Oregon Sen. Ron Wyden, who chairs the Energy and Natural Resource Subcommittee on Water and Power, announced the effort during a hearing emphasizing the need for more data on drinking water access, which he said affects more than 2 million Americans.
“There isn’t a central agency that even has data on all aspects of water access,” Wyden said.
He noted that responsibilities for water quality, quantity and affordability are often split among across federal, state and local offices.
“It is hard to believe that in 2023, our country doesn’t even have some basic facts about the key issues like who has indoor plumbing in America that actually works,” he said. “We’ve got to get practical data on the scope of the problem.”
The Senate Committee on Indian Affairs, chaired by Sen. Brian Schatz (D-Hawaii), and the Environment and Public Works Subcommittee on Fisheries, Water and Wildlife, chaired by Sen. Alex Padilla (D-Calif.), will take also part in the effort.
Wyden said the panels have asked EPA and the Agriculture and Interior departments to “measure what matters and come up with these basic facts.”
That information will be used to direct the use of $550 million already authorized by the bipartisan infrastructure law and the Inflation Reduction Act for “drinking water systems for disadvantaged communities.”
Michael Brain, Interior’s principal deputy assistant secretary for water and science, told Wyden that the Bureau of Reclamation and Indian Health Services are already collaborating on planning related projects.
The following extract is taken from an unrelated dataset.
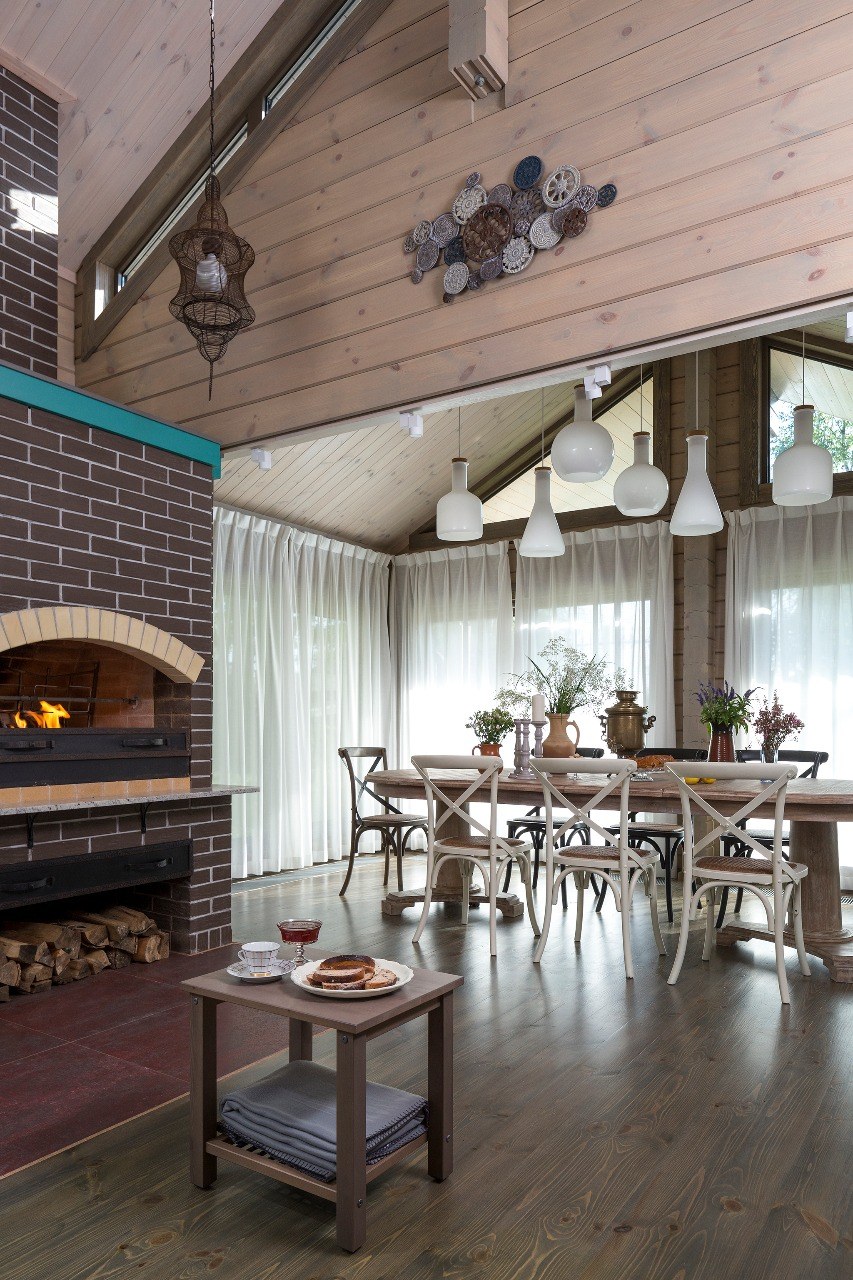 Зона барбекю в деревенском стиле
“We’re still talking to stakeholders, talking to tribes and various venues to make sure that we’re using the funds in a method that can be helpful to communities,” Brain said.
Jonathan Smith, chair of the Tribal Council of the Confederated Tribes of Warm Springs in Oregon, told the subcommittee that it would help to have a single set of standards for federal agencies that are delivering cash for water infrastructure funding.
“With all the different people in charge, it’d be good to get them all on the same page and try to have a uniform guidance,” Smith said. “When you’re trying to meet one kind of opportunity with different guidelines than the other, it’s kind of hard to match them all up.”
An Environment and Public Works subcommittee also held a session Tuesday to address drinking and waste water infrastructure in tribal communities.
“This is an often overlooked and underfunded area with serious impacts on the health and well-being of countless Native American communities,” Padilla said.